Zu diesen Methoden zählt unter anderem:
EMDR (neuro-emotionale Integration durch Augenbewegungen): eine Methode, die sich nach Posttraumatischen Belastungsreaktionen als sehr hilfreich erwiesen hat
Akupunktur: Unmittelbare Aktivierung des Qi (der Lebensenergie)
Omega 3 Fettsäure: Ernährung für das emotionale Gehirn
Kohärenz: Der ausgewogene Rhythmus von Sympathikus und Parasympathikus
Tageslicht: Unsere innere Uhr lässt sich gezielt beeinflussen
Sport: Bewegung ist eines der besten und günstigsten Mittel gegen Depressionen
Liebevolle Beziehungen: Egal ob mit dem Partner oder einem Mitmenschen
(Die einzelnen Methoden werden zukünftig in weiterführenden Beiträgen erklärt.)
Das Buch des Querdenkers wurde zum Bestseller.
Wo anfangen: Welche Methode ist die Beste?
Dieser Frage widmet David Seran-Schreiber in seinem Buch ein ganzes Kapitel. Die Essenz daraus leitet er mich der Bedeutung des Begriffs “Homoöstase” ein: Von Claude Bernhard bereits im Jahr 1878 beschrieben, verstehen wir unter Homoöstase die natürliche Tendenz des Menschen, zurück ins Gleichgewicht zu kommen. Carl Gustav Jung und Abraham Maslow sahen Selbstheilung und Selbstvervollkommung als die Grundlage menschlichen Lebens. Besonders schön finde ich den Vergleich unseres Lebens mit der Natur: Nichts ist statisch, alles in Bewegung. So wie ein Fluss verschmutzt werden kann, so reinigt er sich auch wieder von selbst. Dies kann je nach Grad der Verschmutzung eine Zeit lang dauern, doch früher oder später wieder er sauber und klar sein. Wenn z.B.Umweltschutzaktionen oder aktive Reinigung durch engagierte Experten den Fluss unterstützt, wieder sauber zu werden, gelingt die Reinigung schneller.
Ähnlich verhält es sich auch mit unserem Leben: Wir leben unser Leben mit allen Höhen und Tiefen, mit den Herausforderungen des Alltags, sind mal glücklich, mal zufrieden, mal traurig, mal wütend, kommen an unsere Grenzen. Doch meist gelingt es uns, von alleine wieder ins Gleichgewicht zu kommen. Wenn aber alles zu viel wird, werden wir sprichwörtlich aus der Bahn geworfen.

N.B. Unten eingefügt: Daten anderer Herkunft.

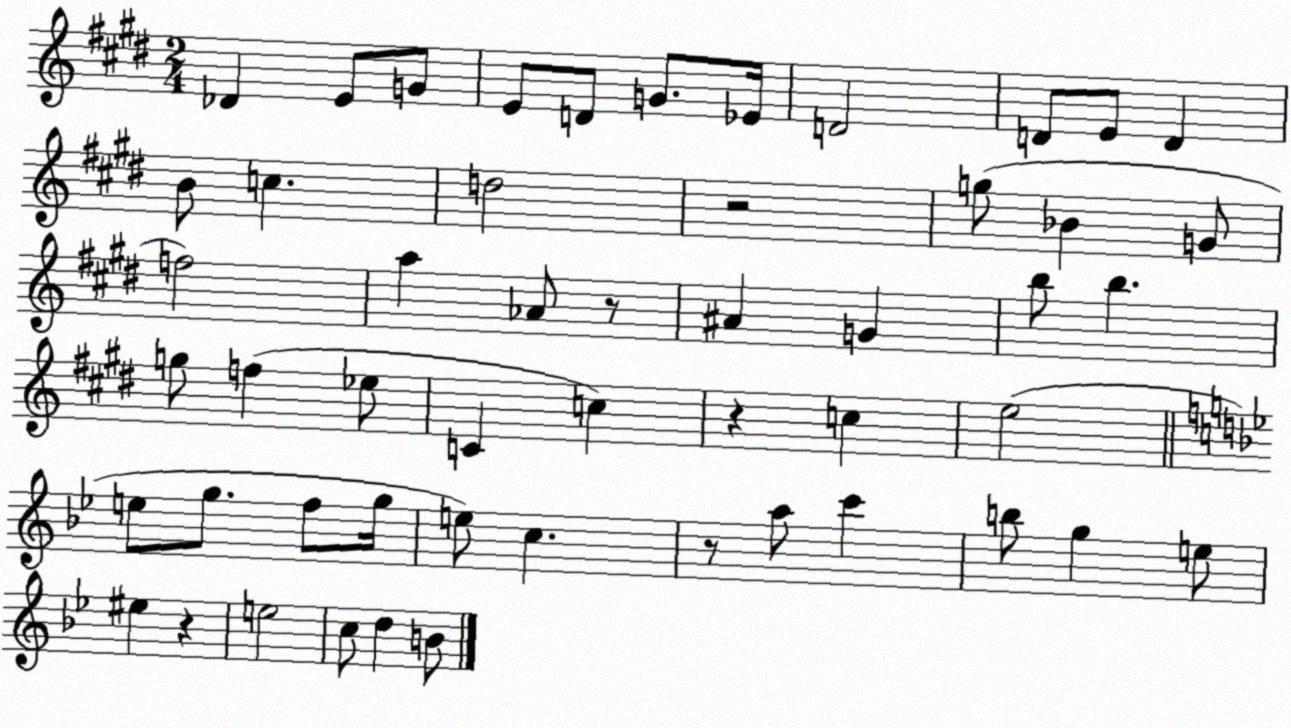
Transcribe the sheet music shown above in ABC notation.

X:1
T:Untitled
M:2/4
L:1/4
K:E
_D E/2 G/2 E/2 D/2 G/2 _E/4 D2 D/2 E/2 D B/2 c d2 z2 g/2 _B G/2 f2 a _A/2 z/2 ^A G b/2 b g/2 f _e/2 C c z c e2 e/2 g/2 f/2 g/4 e/2 c z/2 a/2 c' b/2 g e/2 ^e z e2 c/2 d B/2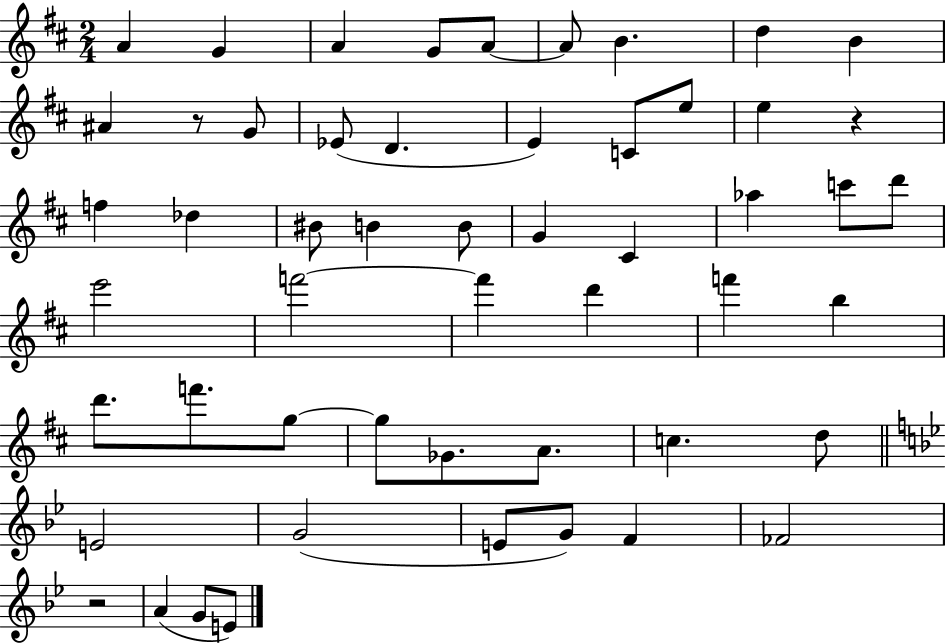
A4/q G4/q A4/q G4/e A4/e A4/e B4/q. D5/q B4/q A#4/q R/e G4/e Eb4/e D4/q. E4/q C4/e E5/e E5/q R/q F5/q Db5/q BIS4/e B4/q B4/e G4/q C#4/q Ab5/q C6/e D6/e E6/h F6/h F6/q D6/q F6/q B5/q D6/e. F6/e. G5/e G5/e Gb4/e. A4/e. C5/q. D5/e E4/h G4/h E4/e G4/e F4/q FES4/h R/h A4/q G4/e E4/e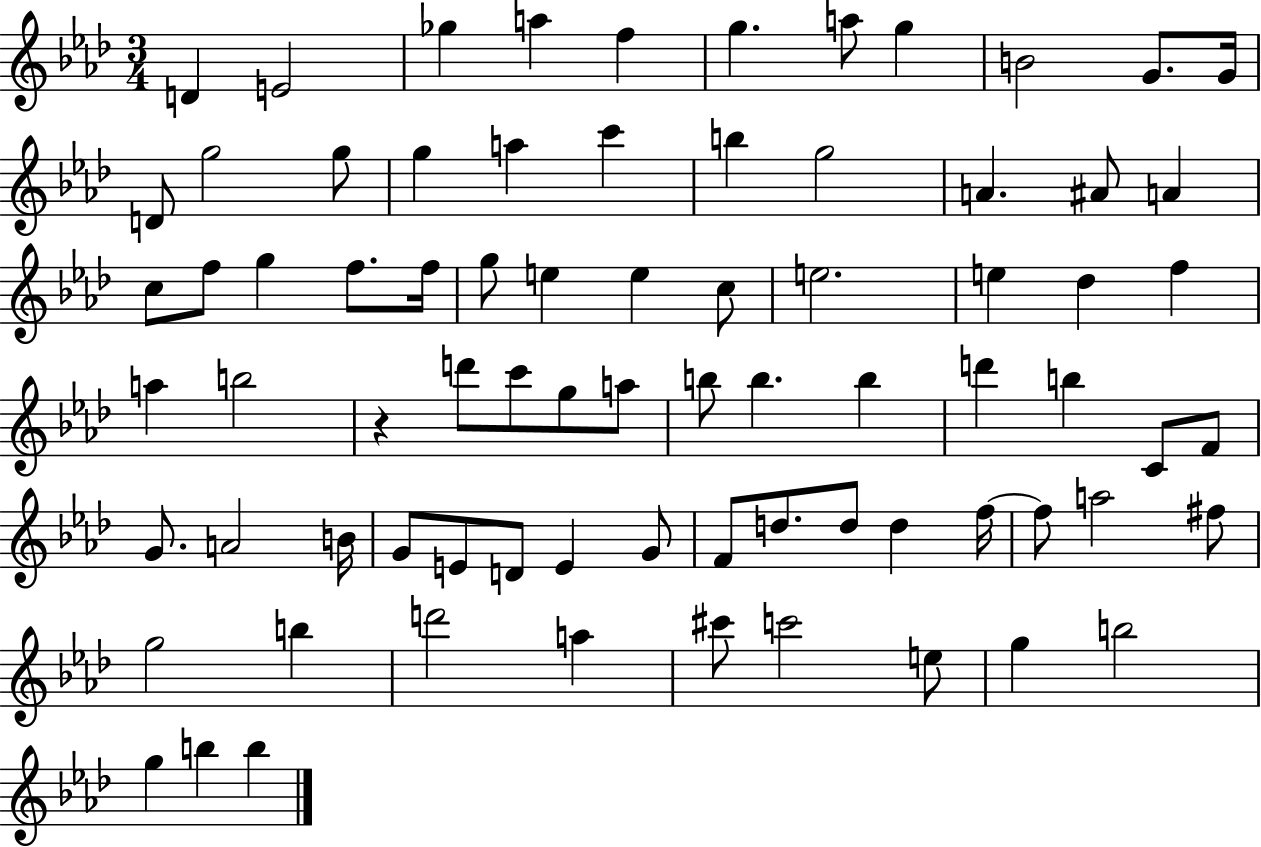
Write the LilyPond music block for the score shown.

{
  \clef treble
  \numericTimeSignature
  \time 3/4
  \key aes \major
  d'4 e'2 | ges''4 a''4 f''4 | g''4. a''8 g''4 | b'2 g'8. g'16 | \break d'8 g''2 g''8 | g''4 a''4 c'''4 | b''4 g''2 | a'4. ais'8 a'4 | \break c''8 f''8 g''4 f''8. f''16 | g''8 e''4 e''4 c''8 | e''2. | e''4 des''4 f''4 | \break a''4 b''2 | r4 d'''8 c'''8 g''8 a''8 | b''8 b''4. b''4 | d'''4 b''4 c'8 f'8 | \break g'8. a'2 b'16 | g'8 e'8 d'8 e'4 g'8 | f'8 d''8. d''8 d''4 f''16~~ | f''8 a''2 fis''8 | \break g''2 b''4 | d'''2 a''4 | cis'''8 c'''2 e''8 | g''4 b''2 | \break g''4 b''4 b''4 | \bar "|."
}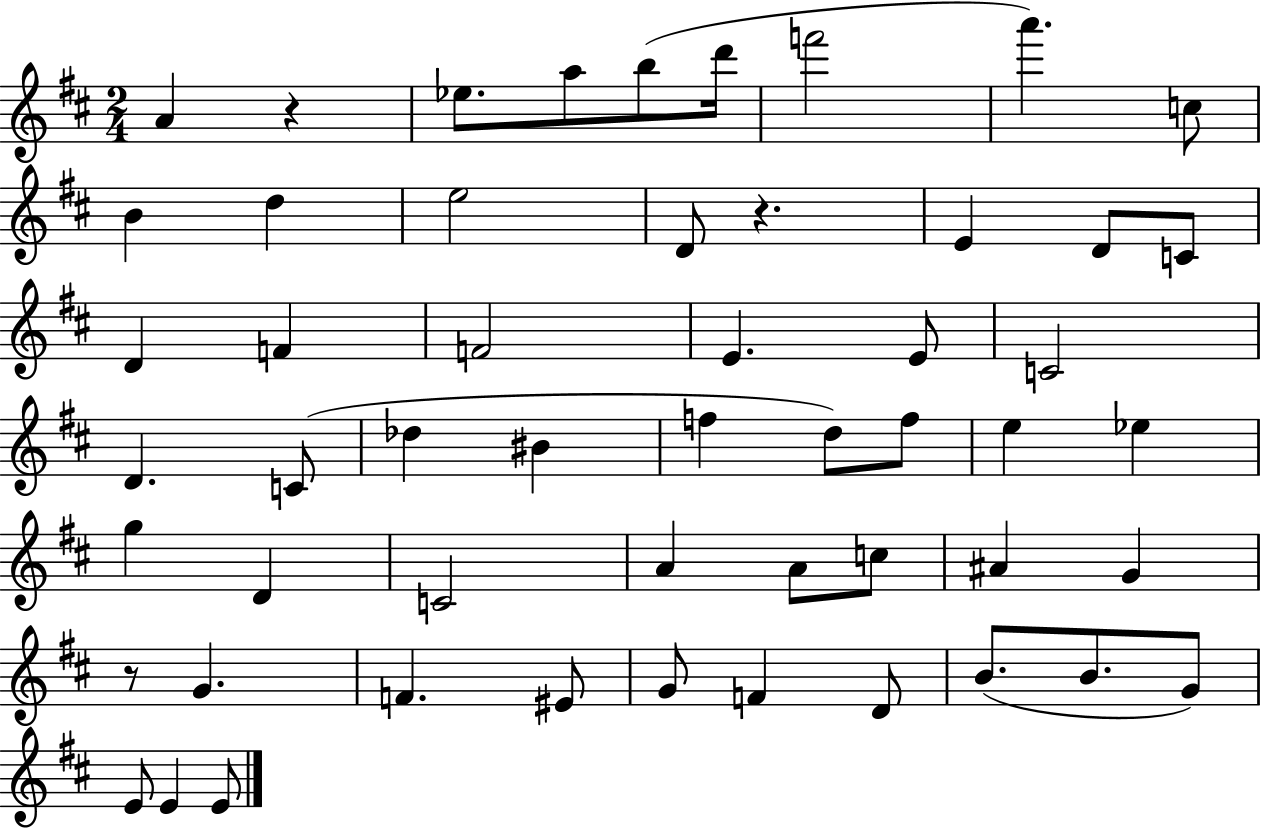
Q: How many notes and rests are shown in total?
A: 53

Die von Seran-Schreiber beschriebenen Ansätze wirken jeder für sich förderlich für die Homöostase und somit für das psychische Gleichgewicht. Egal ob wir in einer Phase der Depression wieder beginnen, Sport zu machen oder uns dazu überwinden, uns mit Freunden zu treffen - all dies unterstützt unseren Körper und unsere Psyche dabei, wieder ins Gleichgewicht zu kommen. Alle Behandlungen wirken positiv und ausgleichend auf unseren Parasympatikus (zum Beitrag "Zwei Systeme im Ausnahmezustand”), jenen Kreislauf, der für Ruhe und Entspannung zuständig ist. Diese wirksamen und zugleich sanften, meist auch kostengünstigen, Behandlungsmethoden wirken jede für sich und haben darüber hinaus noch einen wertvollen Synergieeffekt: Sie beeinflussen sich gegenseitig positiv. Dabei sind sie nebenwirkungsfrei und wirken auf viele Bereiche unseres Organismus.
* Dies spiegelt die Haltung des Autors wieder. Ich selbst sehe Medikamente gerade in psychischen Krisen als wichtige biologische Unterstützung, um das Nervensystem beim Gesund-Werden zu unterstützen. Wichtig ist aus meiner Sicht die engmaschige Begleitung durch den fachkundigen Hausarzt oder den Psychiater. Medikamente alleine können jedoch die psychische Erkrankung nicht “heilen”, da häufig nicht hilfreiche Denk- und Verhaltensmuster dahinter liegen. Psychotherapie kann helfen, diese Muster zu verändern und das eigene Leben nachhaltig zu verbessern.